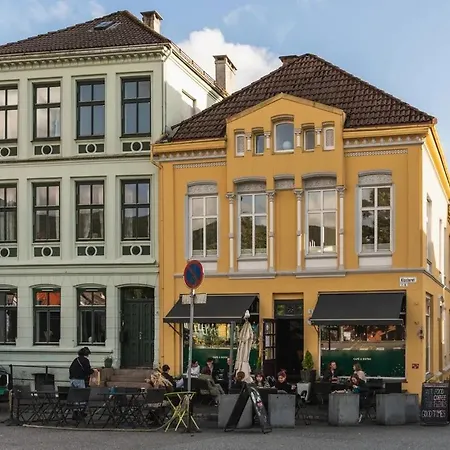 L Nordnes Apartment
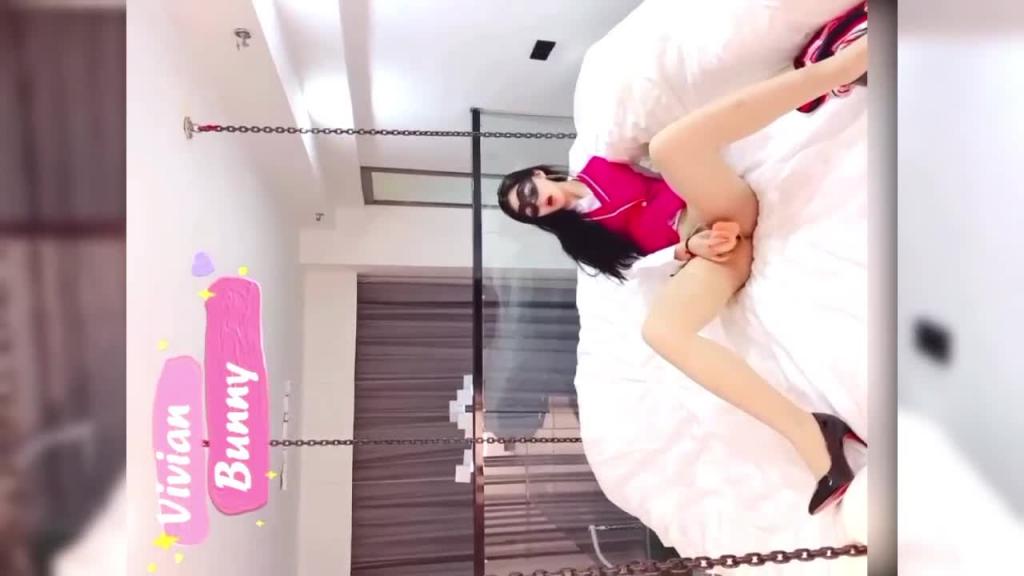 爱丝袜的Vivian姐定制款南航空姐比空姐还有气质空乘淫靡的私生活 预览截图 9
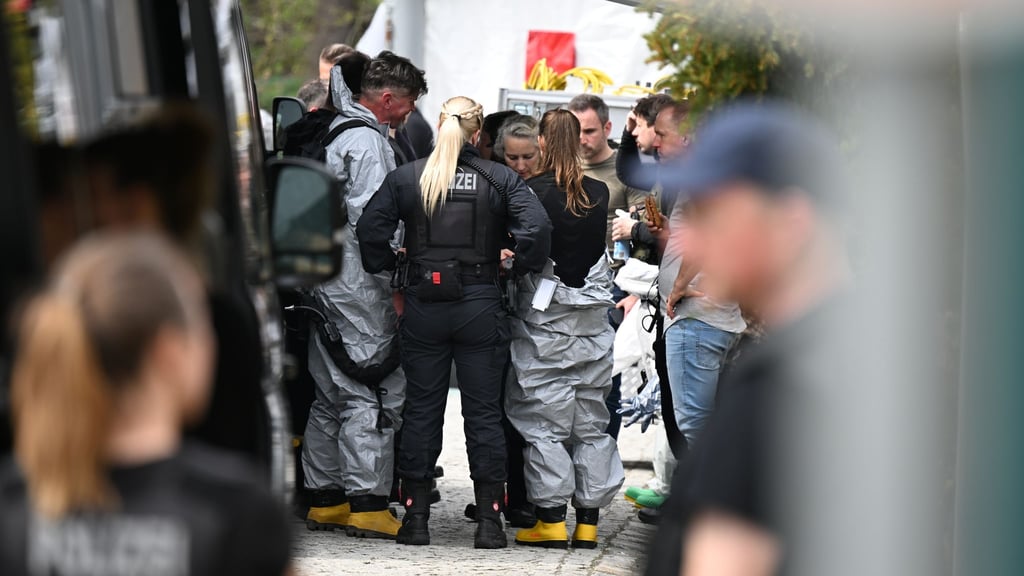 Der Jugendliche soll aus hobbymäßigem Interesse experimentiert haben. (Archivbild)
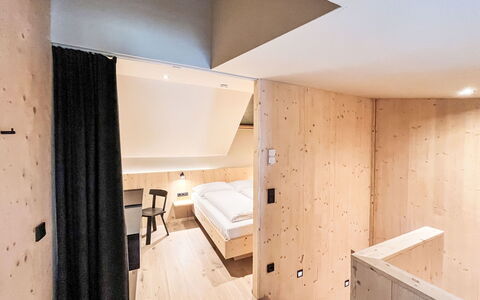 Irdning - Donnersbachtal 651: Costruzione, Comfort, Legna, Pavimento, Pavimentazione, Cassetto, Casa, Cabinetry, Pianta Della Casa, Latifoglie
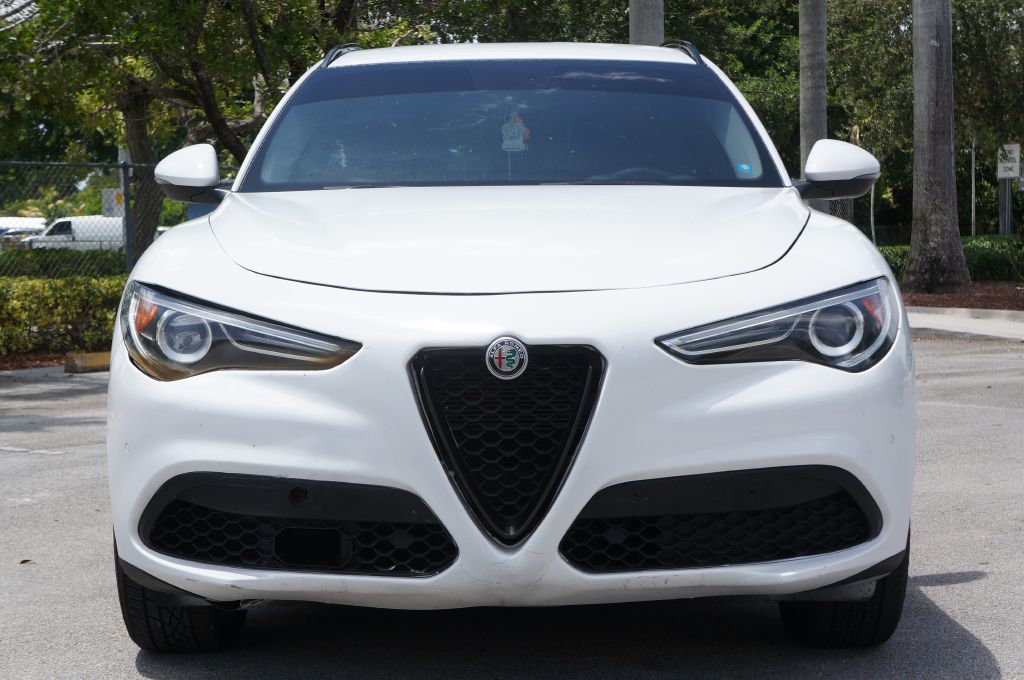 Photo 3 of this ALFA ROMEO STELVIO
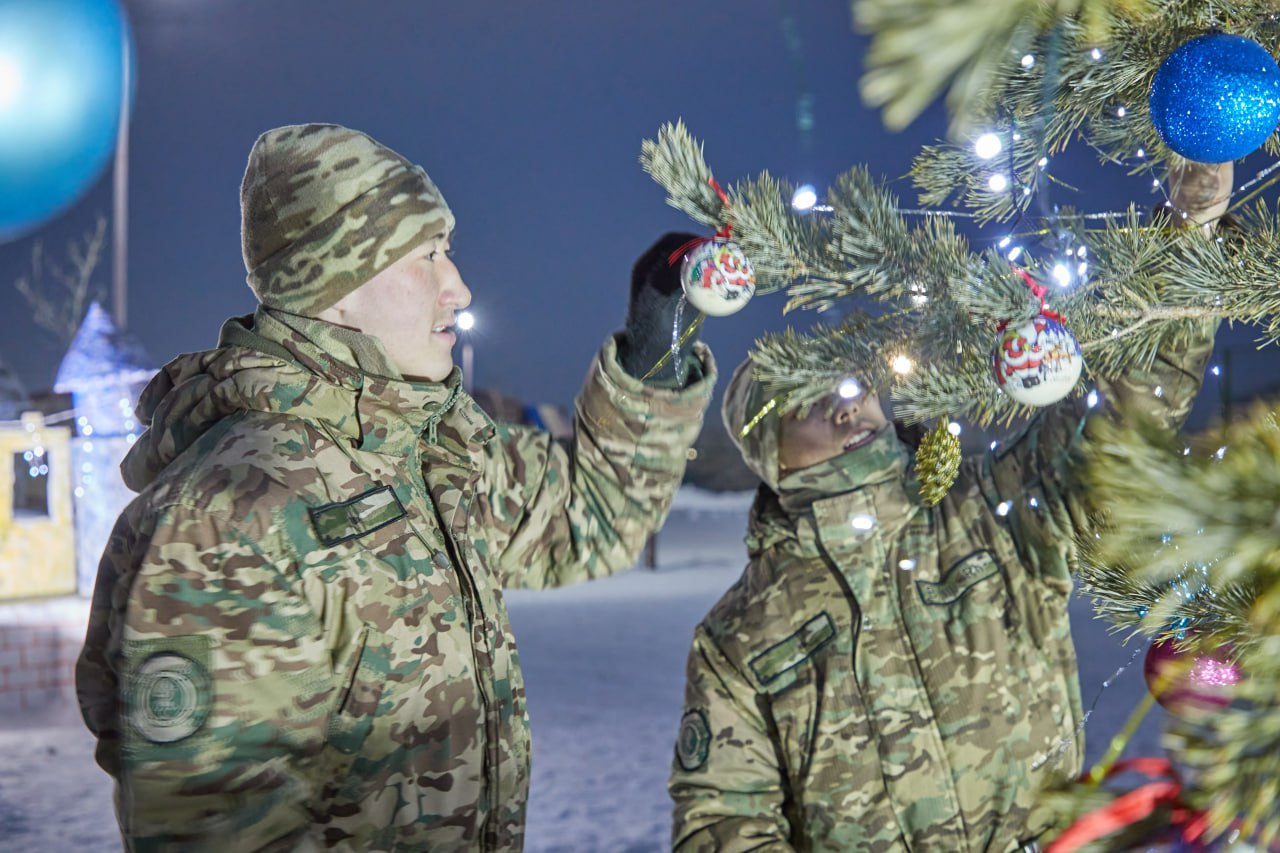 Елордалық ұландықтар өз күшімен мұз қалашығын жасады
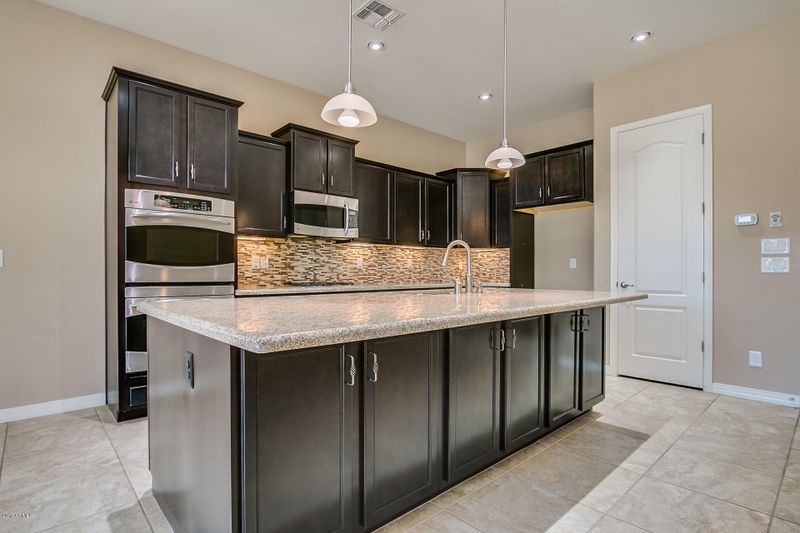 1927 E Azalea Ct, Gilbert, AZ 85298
* * *
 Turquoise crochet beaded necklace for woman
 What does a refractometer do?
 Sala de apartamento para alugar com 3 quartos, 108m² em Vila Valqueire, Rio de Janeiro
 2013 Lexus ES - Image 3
* * *
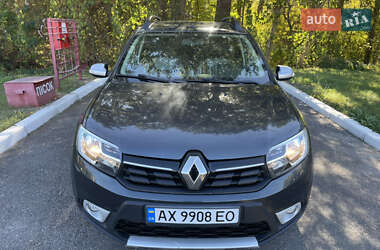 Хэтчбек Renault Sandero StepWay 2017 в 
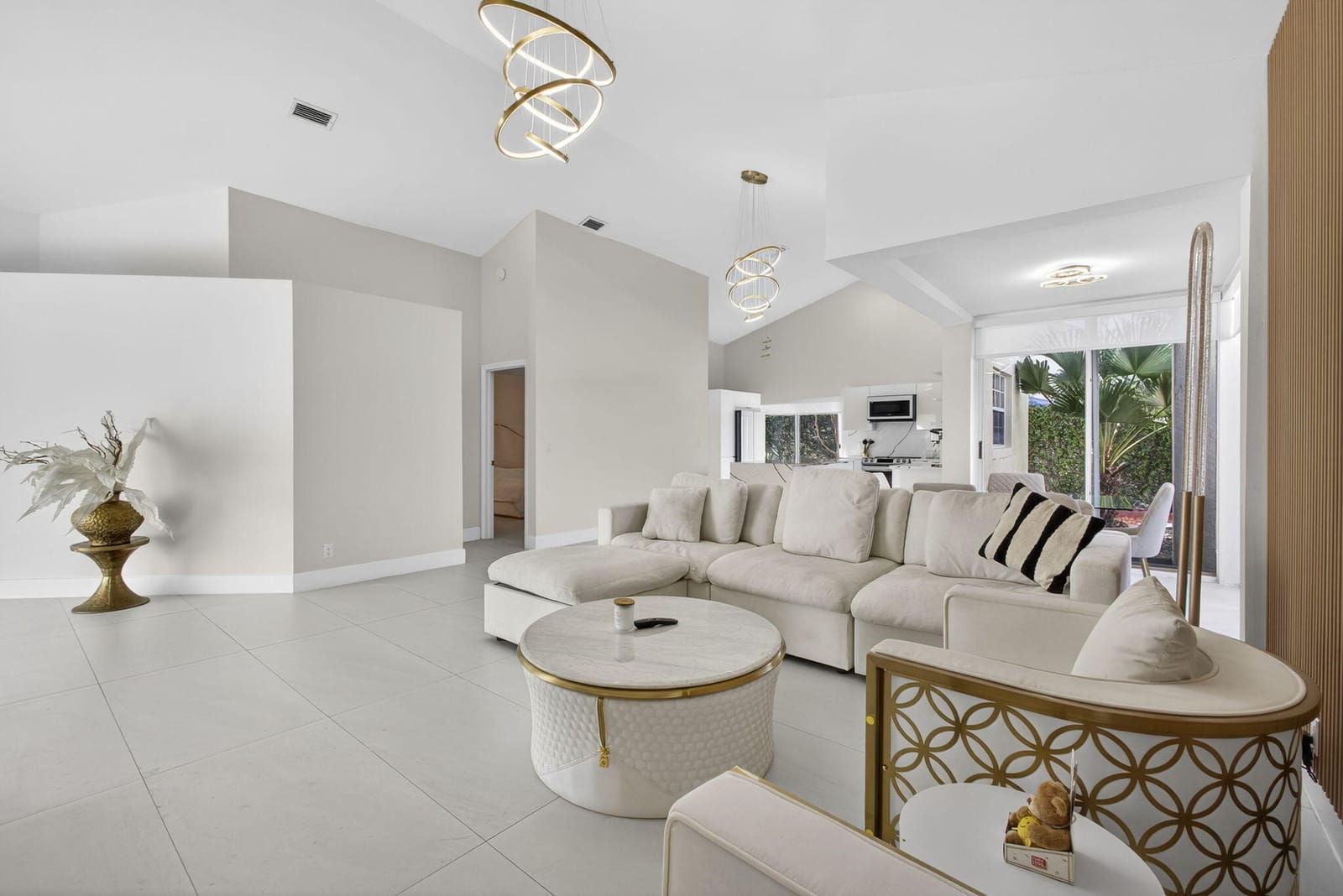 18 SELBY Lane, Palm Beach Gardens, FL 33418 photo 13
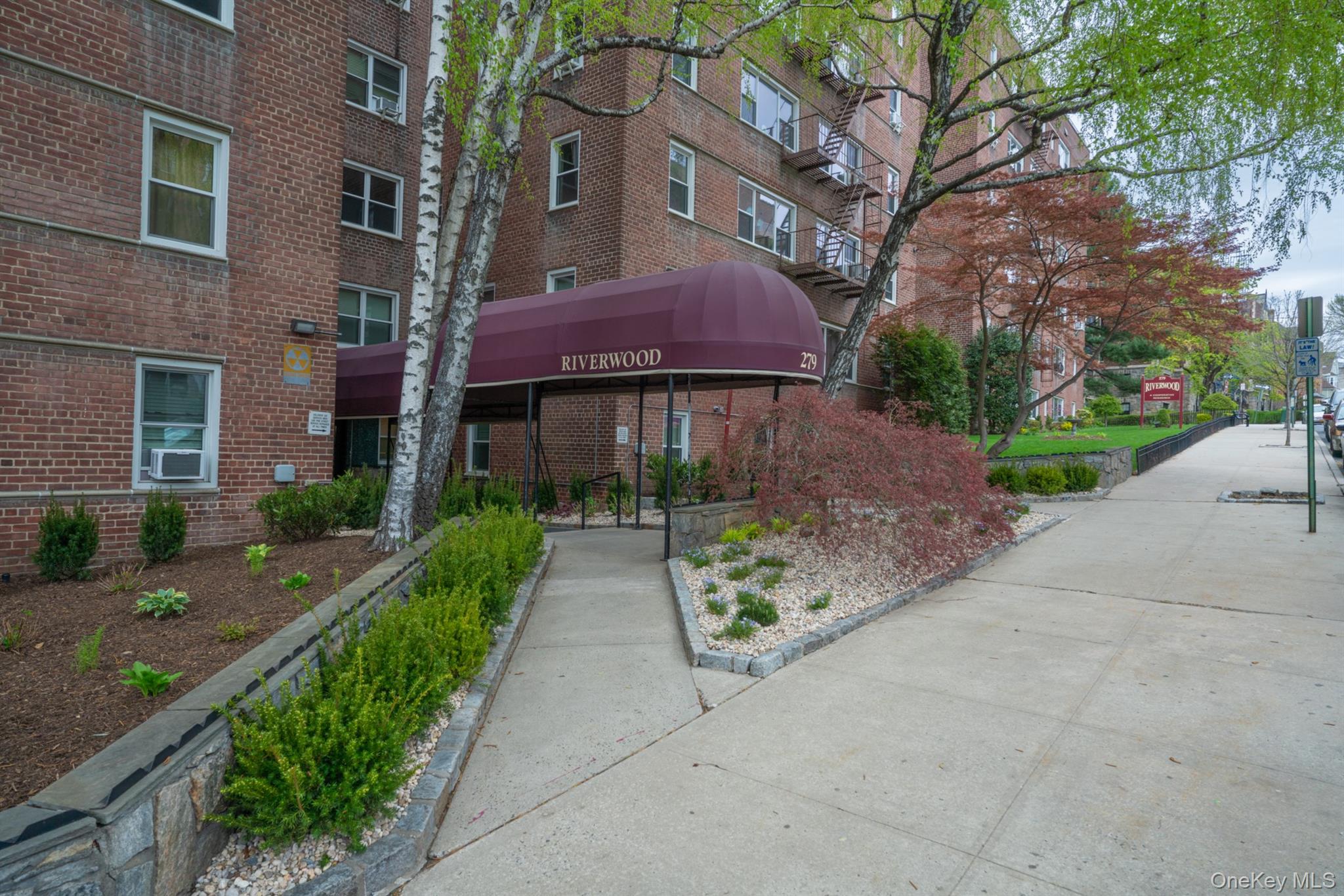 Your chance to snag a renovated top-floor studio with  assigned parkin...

**PROBLEM STATEMENT**
Return exactly the lines that appear in the data above between the line containing "Der Jugendliche soll" and the line containing "Photo 3 of this ALFA ROMEO STELVIO", both of which are included, and leave the pictures out.

**RESULT**
 Der Jugendliche soll aus hobbymäßigem Interesse experimentiert haben. (Archivbild)
 Irdning - Donnersbachtal 651: Costruzione, Comfort, Legna, Pavimento, Pavimentazione, Cassetto, Casa, Cabinetry, Pianta Della Casa, Latifoglie
 Photo 3 of this ALFA ROMEO STELVIO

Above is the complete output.